Crimson Exploration Announces Third Quarter 2008 Financial Results
Crimson Exploration Inc. (OTCBB:CXPO) today announced financial results for the third quarter 2008.
Highlights
— Record quarterly revenue of $53.8 million
— Record quarterly production of 5.0 Bcfe
— Daily production for the third quarter of 2008 averaged 54,126 Mcfed, up 8% over the 2007 quarter
Summary Financial Results – Third Quarter 2008
The Company reported income before income taxes for the third quarter of 2008 of $78.7 million, compared to income before income taxes of $9.9 million for the third quarter of 2007. Positively impacting the third quarter results for 2008 was an $88.9 million non-cash unrealized gain recorded to reflect the mark-to-market exposure on our commodity price and interest rate hedge instruments as required by SFAS 133 “Accounting for Derivative Instruments and Hedging Activities”. Negatively impacting the third quarter results for 2008 was a $25.8 million non-cash impairment expense related to our Madisonville Field.
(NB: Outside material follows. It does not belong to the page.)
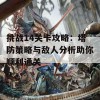 挑战14关卡攻略：塔防策略与敌人分析助你顺利通关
Recorded in the third quarter 2007 was a $0.6 million non-cash unrealized gain related to the mark-to-market exposure. Exclusive of the effects of the mark-to-market exposure, and the impairment expense, income before taxes for the third quarter of 2008 would have been $15.6 million, compared to income before taxes of $9.3 million in 2007. Net income for the third quarter of 2008 was $50.2 million compared to $6.2 million for the third quarter of 2007.
Net cash flow from operations for the third quarter of 2008, which consists of net cash provided by operating activities, adjusted for the period change in certain working capital and other cash flow items, was $96.9 million, a 111% increase over the $46.0 million reported for the 2007 quarter. The increase in cash flow was attributable to the South Texas properties acquired from Smith Production Inc. (the “Smith Acquisition”) in May 2008 and higher commodity prices, offset in part by increased interest expense and general and administrative costs related to the increase in debt and infrastructure growth.
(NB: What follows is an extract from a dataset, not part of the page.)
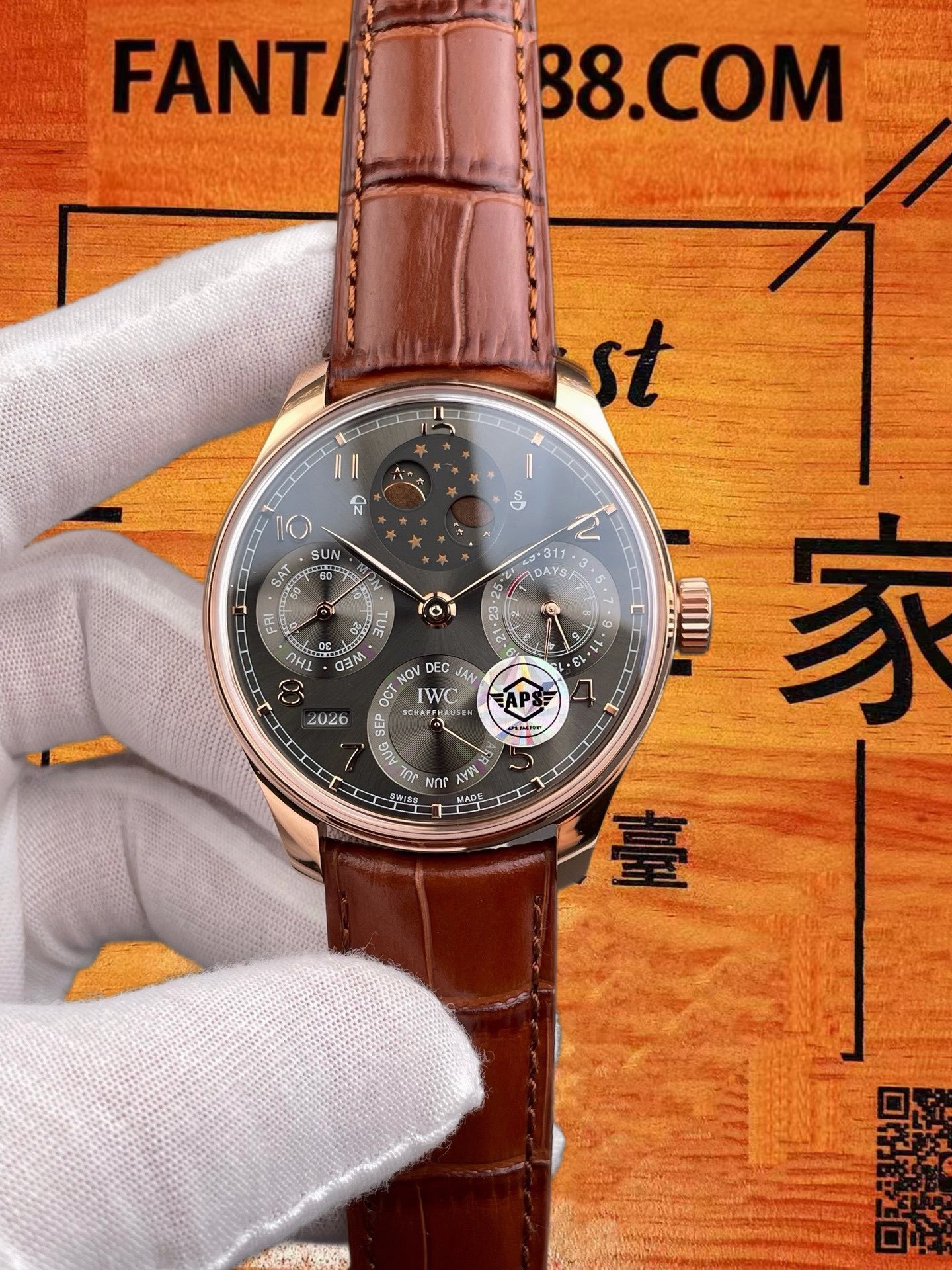 萬國葡萄牙 Portugieser 復刻腕錶 FANTAST888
Revenues for the third quarter of 2008 were $53.8 million, a 42% increase compared to revenue of $38.0 million in the prior year quarter. The increase in revenues was attributable to new production from the Smith Acquisition in May 2008 and higher oil and gas price realizations.
Production for the third quarter of 2008 was 5.0 Bcfe of natural gas equivalents, or 54,126 Mcfe per day, compared with production of 4.6 Bcfe, or 50,320 Mcfe per day, in the 2007 quarter. The increase in production for the quarter was attributable to the Smith Acquisition and to production increases resulting from our drilling program, offset by approximately 364,000 mcfe of deferred production related to shut-ins surrounding Hurricanes Gustav and Ike and the shut-in during the quarter of two wells in Liberty County due to sand encroachment that will be mitigated during the fourth quarter.
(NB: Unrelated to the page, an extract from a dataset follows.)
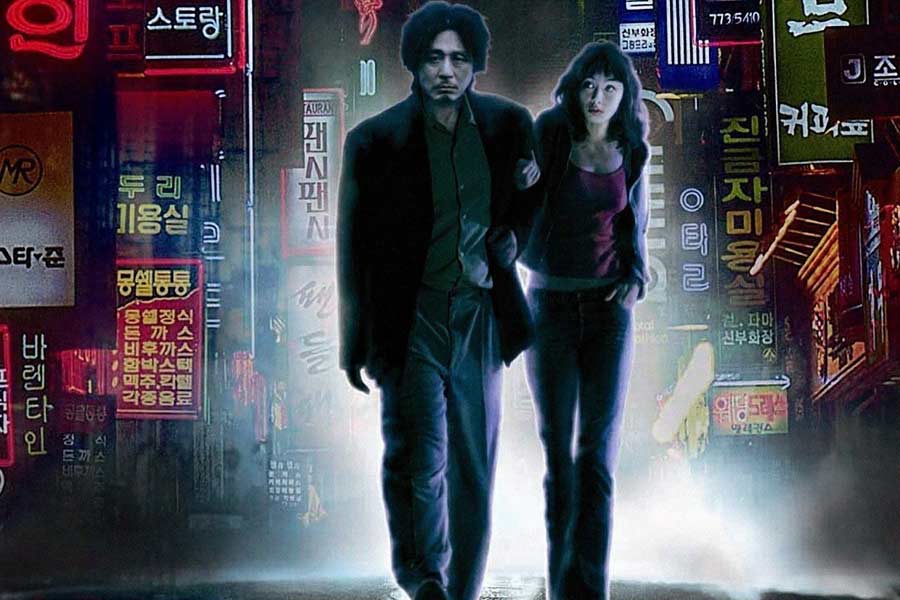 শুধু থ্রিলারধর্মী ছবি নয়, দক্ষিণ কোরিয়ার ছবিনির্মাতা জুং জি-উ রোম্যান্টিক ঘরানার ছবির মধ্যেও টানটান ভাব বজায় রেখে দর্শকের মনে জায়গা করে নিয়েছে।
Average prices realized in the third quarter of 2008 (including the effects of realized gains/losses on our commodity price hedges) were $92.54 per barrel, $9.68 per Mcf, $63.49 per barrel and $10.67 per Mcfe for oil, natural gas, natural gas liquids and natural gas equivalents, respectively. For the third quarter of 2007, average prices realized were $66.47 per barrel, $7.60 per Mcf, $45.17 per barrel and $8.18 per Mcfe for oil, natural gas, natural gas liquids and natural gas equivalents, respectively.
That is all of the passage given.